____ Given data

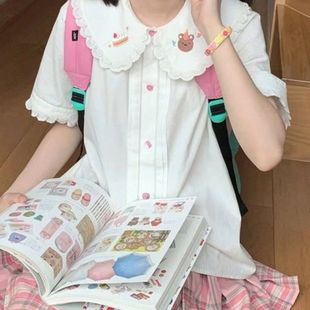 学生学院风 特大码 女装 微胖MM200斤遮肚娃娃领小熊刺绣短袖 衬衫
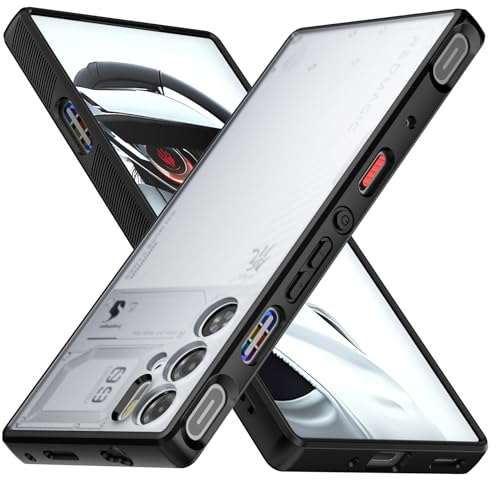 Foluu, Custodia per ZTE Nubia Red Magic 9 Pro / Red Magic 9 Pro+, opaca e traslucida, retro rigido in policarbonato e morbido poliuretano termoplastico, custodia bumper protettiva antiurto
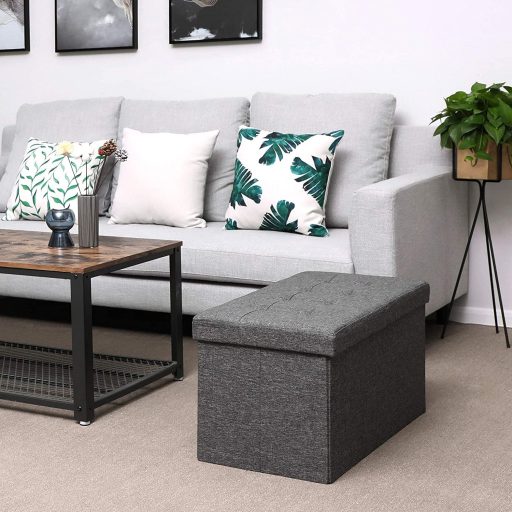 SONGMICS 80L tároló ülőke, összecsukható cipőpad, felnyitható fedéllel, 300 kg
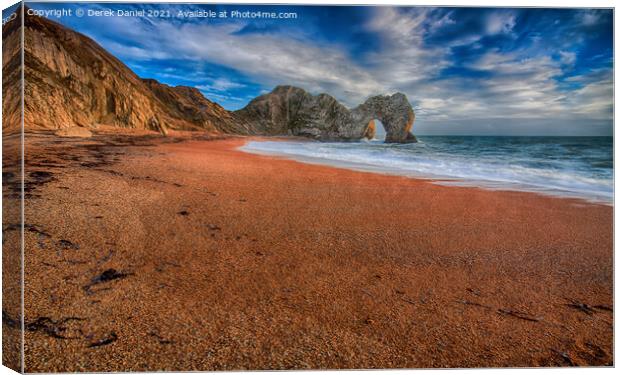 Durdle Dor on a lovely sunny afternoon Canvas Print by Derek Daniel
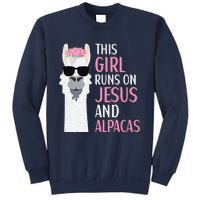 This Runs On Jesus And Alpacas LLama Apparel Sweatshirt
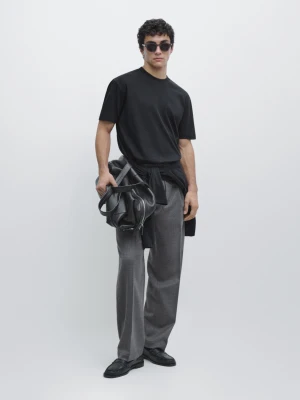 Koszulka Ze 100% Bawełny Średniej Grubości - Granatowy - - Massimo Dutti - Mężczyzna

________

== Exercise aim ==
Verbatim copy without images: write the records above out in full.

== Written solution ==
 学生学院风 特大码 女装 微胖MM200斤遮肚娃娃领小熊刺绣短袖 衬衫
 Foluu, Custodia per ZTE Nubia Red Magic 9 Pro / Red Magic 9 Pro+, opaca e traslucida, retro rigido in policarbonato e morbido poliuretano termoplastico, custodia bumper protettiva antiurto
 SONGMICS 80L tároló ülőke, összecsukható cipőpad, felnyitható fedéllel, 300 kg
 Durdle Dor on a lovely sunny afternoon Canvas Print by Derek Daniel
 This Runs On Jesus And Alpacas LLama Apparel Sweatshirt
 Koszulka Ze 100% Bawełny Średniej Grubości - Granatowy - - Massimo Dutti - Mężczyzna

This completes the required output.